Deutliche Ausweitung des Geltungsbereichs
Der Geltungsbereich der neuen NIS-Richtlinie geht weit über die bisher bekannten Schlüsselunternehmen im Bereich der kritischen Infrastrukturen hinaus. Konkret wird bei NIS 2 zwischen „wesentlichen Einrichtungen“ und „wichtigen Einrichtungen“ unterschieden:
Wesentliche Einrichtungen (Essential Entities) sind demnach Unternehmen, die in den Bereichen Energie; Straßen-, Schienen, Luft- und Schiffsverkehr; Wasser; Digitale Infrastruktur und ITDienste; Bank- und Finanzwesen; Gesundheit; Öffentliche Verwaltung oder Raumfahrt tätig sind.
Zu den wichtigen Einrichtungen (Important Entities) werden Unternehmen folgender Bereiche gezählt: Abfallwirtschaft; Post und Kurierdienste; Chemische Erzeugnisse; Lebensmittel; Hersteller; Digitale Anbieter und Forschungseinrichtungen.
Welche Unternehmen die NIS-2-Vorgaben erfüllen müssen, richtet sich nach der Unternehmensgröße und dem Umsatz. Unterschieden werden dabei mittlere und große Unternehmen: Mittlere Unternehmen haben 50 bis 250 Mitarbeiter, 10 bis 50 Millionen Euro Umsatz und eine Bilanzsumme kleiner als 43 Millionen Euro. Große Unternehmen haben mehr als 250 Mitarbeiter, mehr als 50 Millionen Euro Umsatz und eine Bilanzsumme größer als 43 Millionen Euro.

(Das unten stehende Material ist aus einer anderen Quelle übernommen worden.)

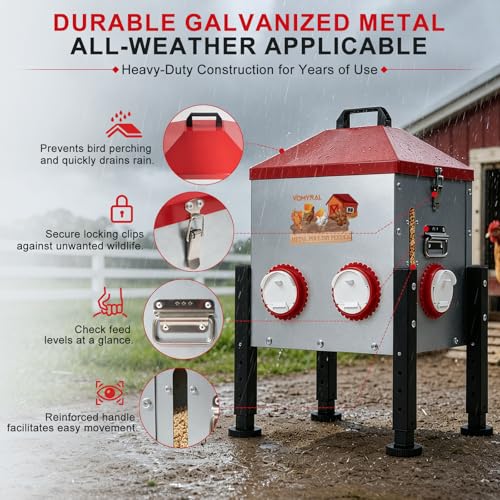 Automatic Chicken Feeder, 40LB Large Metal Poultry Chick Feeder with 6 Port | No Waste Metal Rat Proof Design With View Window And Adjustable Legs For Chickens, Ducks & Geese. Ideal Chicken Coop Feeder - size: 6 Ports - Max 40 lb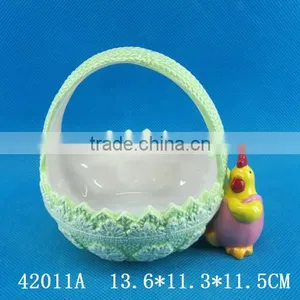 Creative Cock Figurine Ceramic Storage Basket for Kitchen thumbnail-5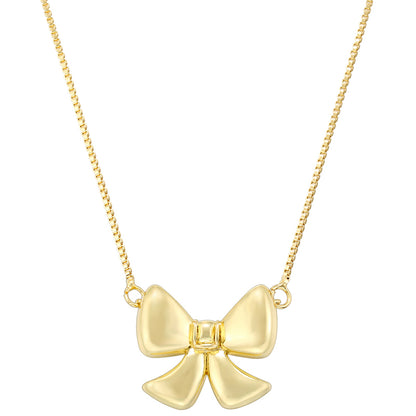 Copper 18K Gold Plated Casual Bow Knot Pendant Necklace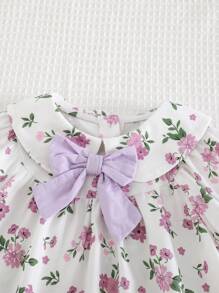 Cozy Pixies 2pcs/Set Baby Girl Floral Pattern Peter Pan Collar Puff Sleeve Cardigan Shirt And Solid Color Elastic Waist Shorts Set - Purple - View 4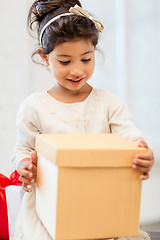 Image showing happy child girl with gift box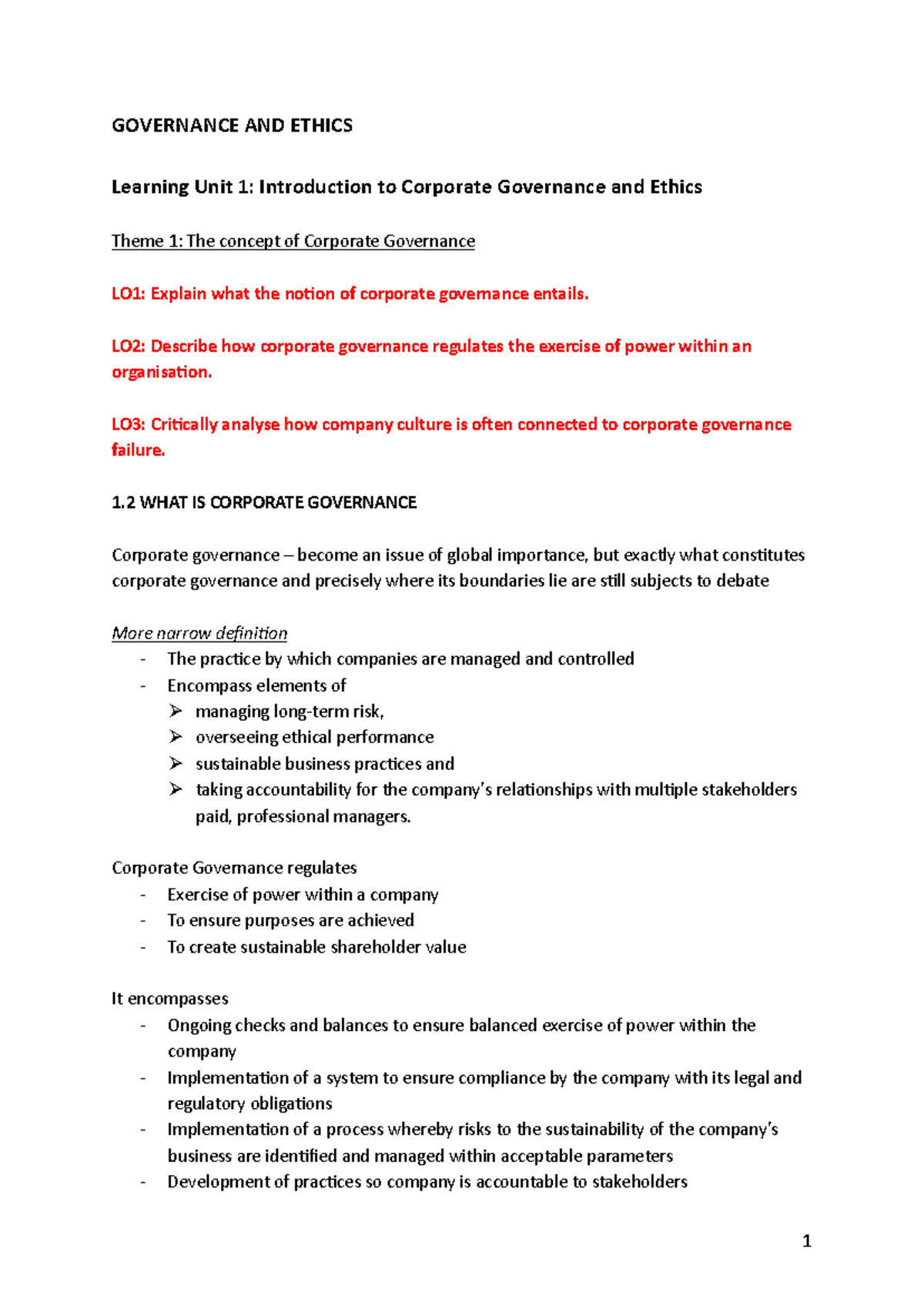 Learning Unit 1 - Intro to Corporate Governance & Ethics (CGE 101 ...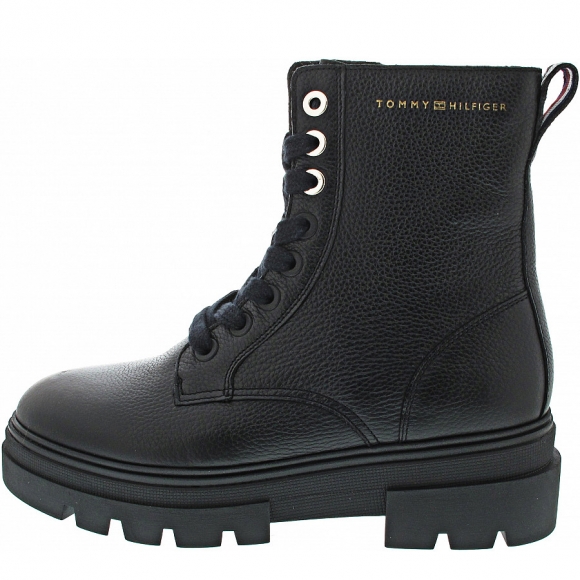 Tommy Hilfiger Bicolor Leather Lace-Up Schnürstiefel in black
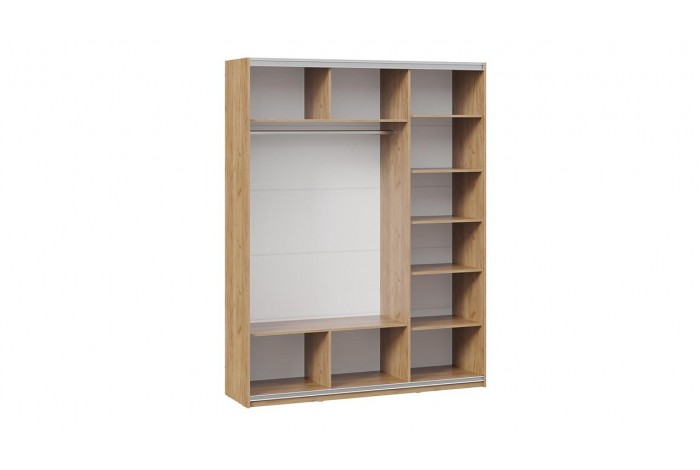 Шкаф-купе с 3 зеркальными дверями «Оскар» 1800 Ручка белая, Дуб Крафт золотой (Зеркало/Зеркало/Зеркало)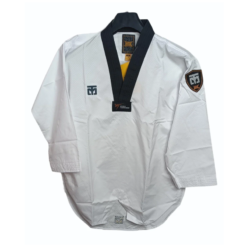 WT Approved Taekwondo Black Belt Uniform - Premium White Dobok with Black V-Neck - IKL Store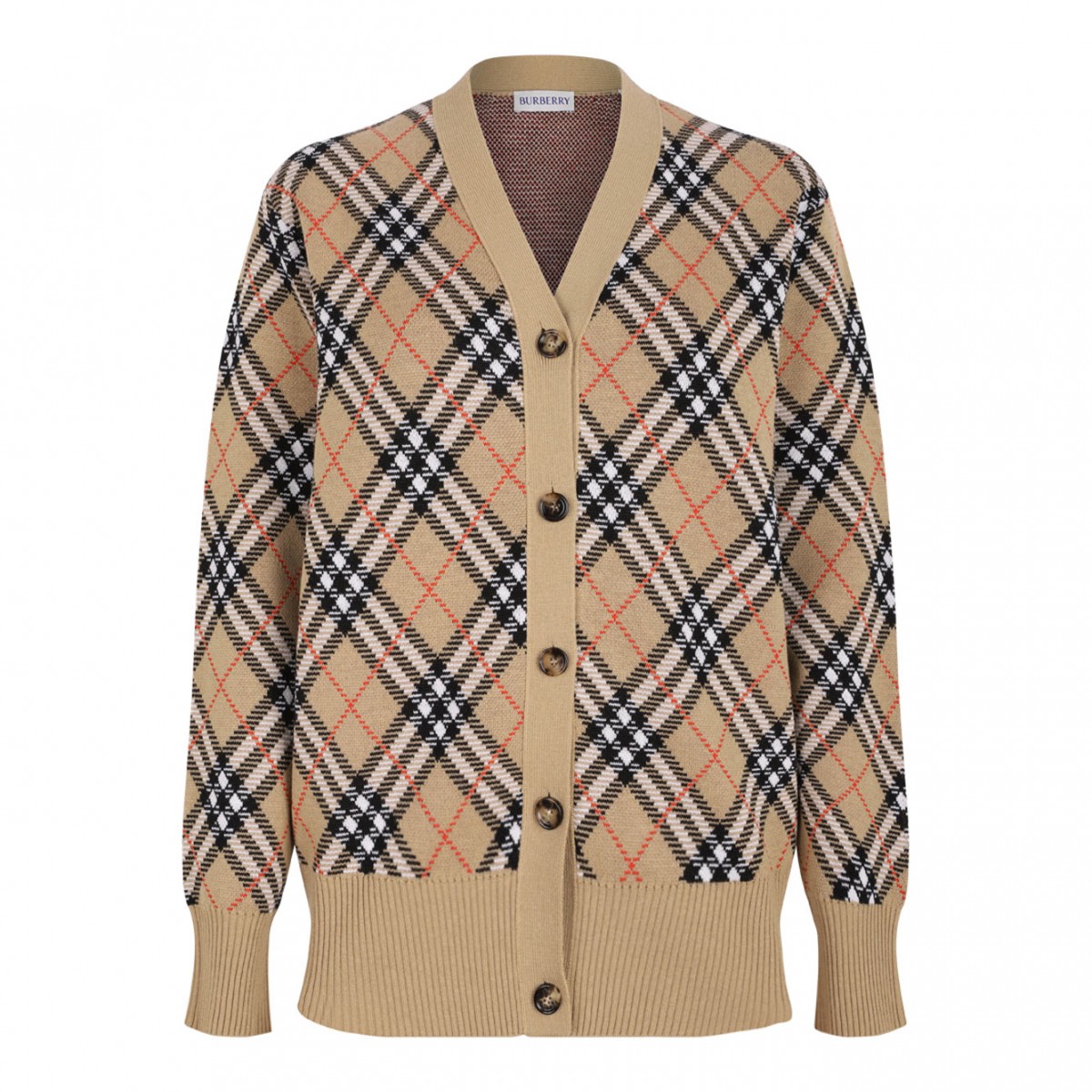 Cardigan In Wool and Mohair Blend Check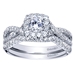 14k White Gold Criss Cross Diamond Halo Engagement Ring - 01I-1176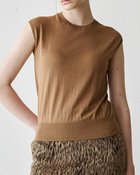 【ドゥクラッセ/DoCLASSE】の綿シルクニット・スリーブレストップス キャメル|ID: prp329100004934828 ipo3291000000037141018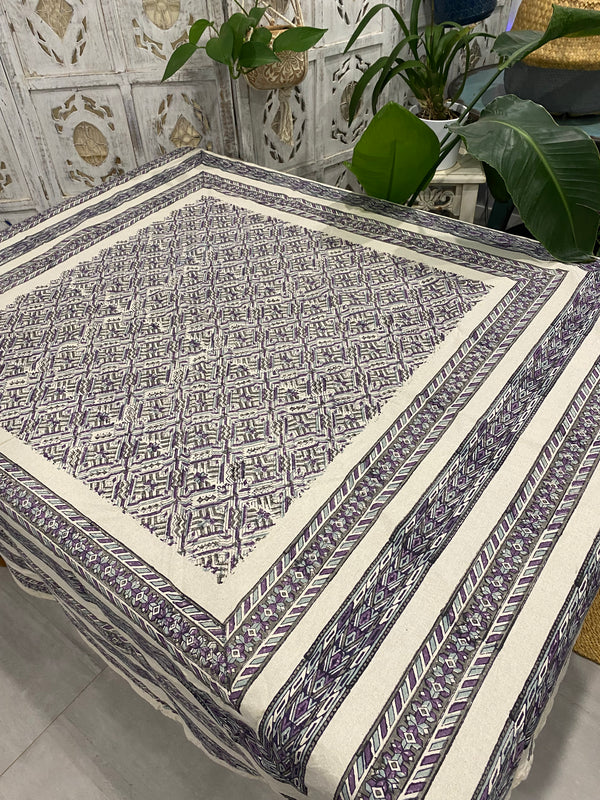 Geometric Calm Round Tablecloth – 160cm Handwoven Cotton – Fair Trade ...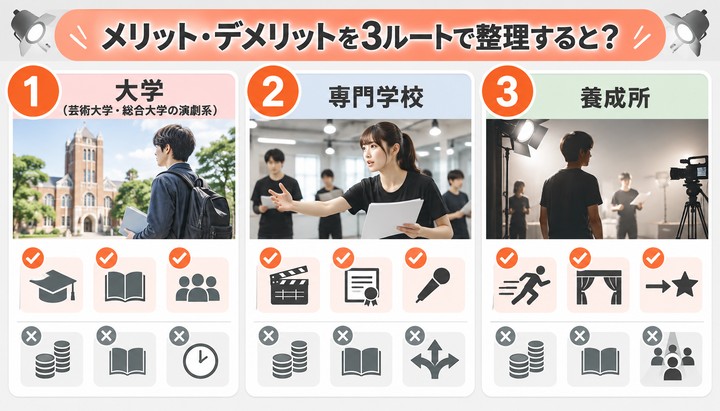 メリット・デメリットを3ルートで整理すると？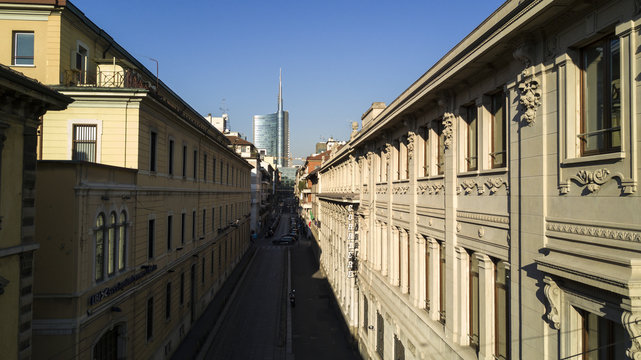 Via Solferino Milano, vista dall&rsquo;alto, Unicredit Tower, sede del Corriere della Sera e Ubi Banca, 8 gennaio 2017. Italia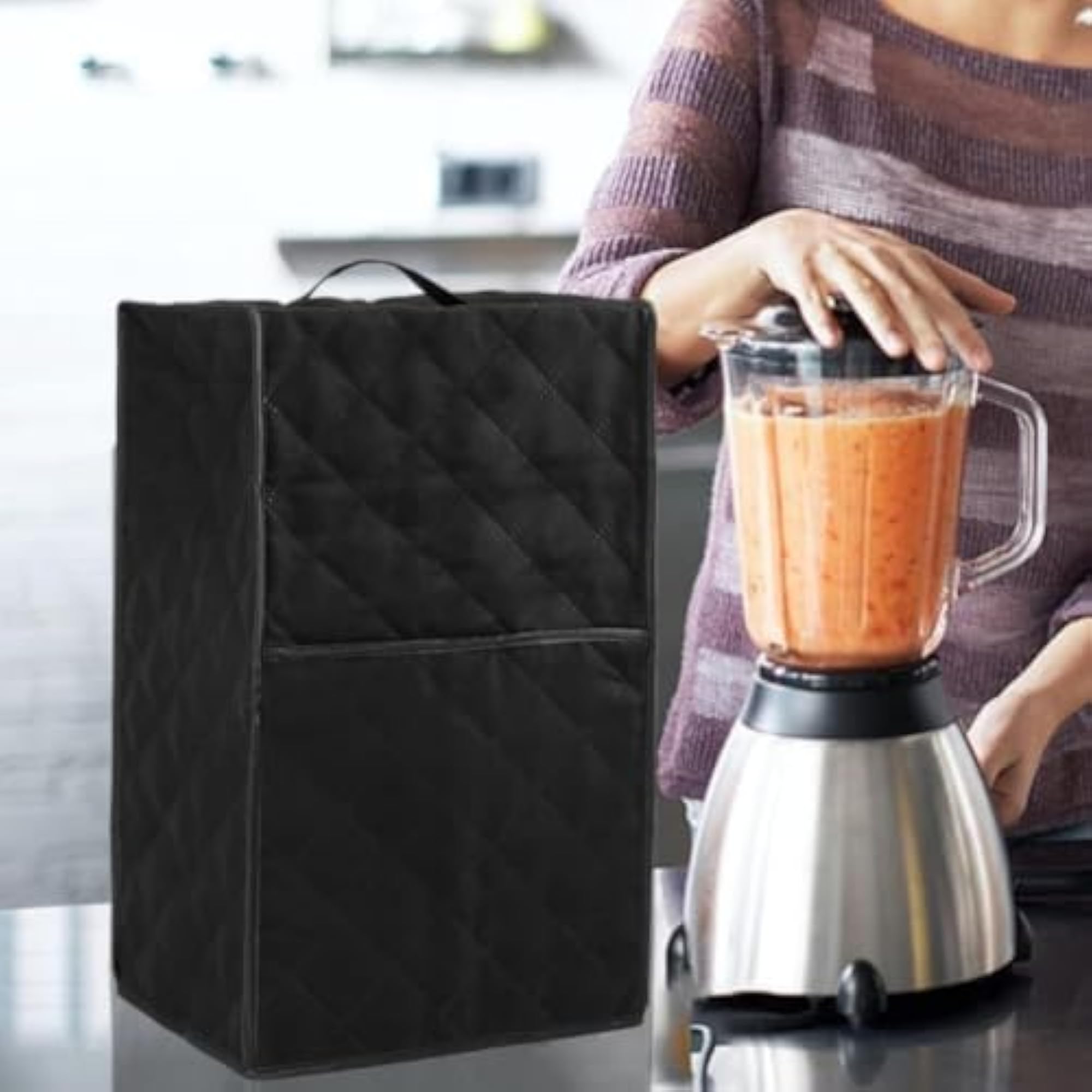 Machine Washable Quilted Blender Dust Cover, Black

Die konkreten Angaben zur Bemessung der Unternehmensgröße haben zur Folge, dass sich die Zahl der Unternehmen, die zum Bereich der kritischen Infrastrukturen gezählt werden, massiv erhöht. NIS 2 sorgt dafür, dass Maßnahmen zur Stärkung der Cybersicherheit für die breite Masse der Unternehmen in ganz Europa obligatorisch werden. Allein in Deutschland werden etwa 30.000 Unternehmen von NIS 2 betroffen sein.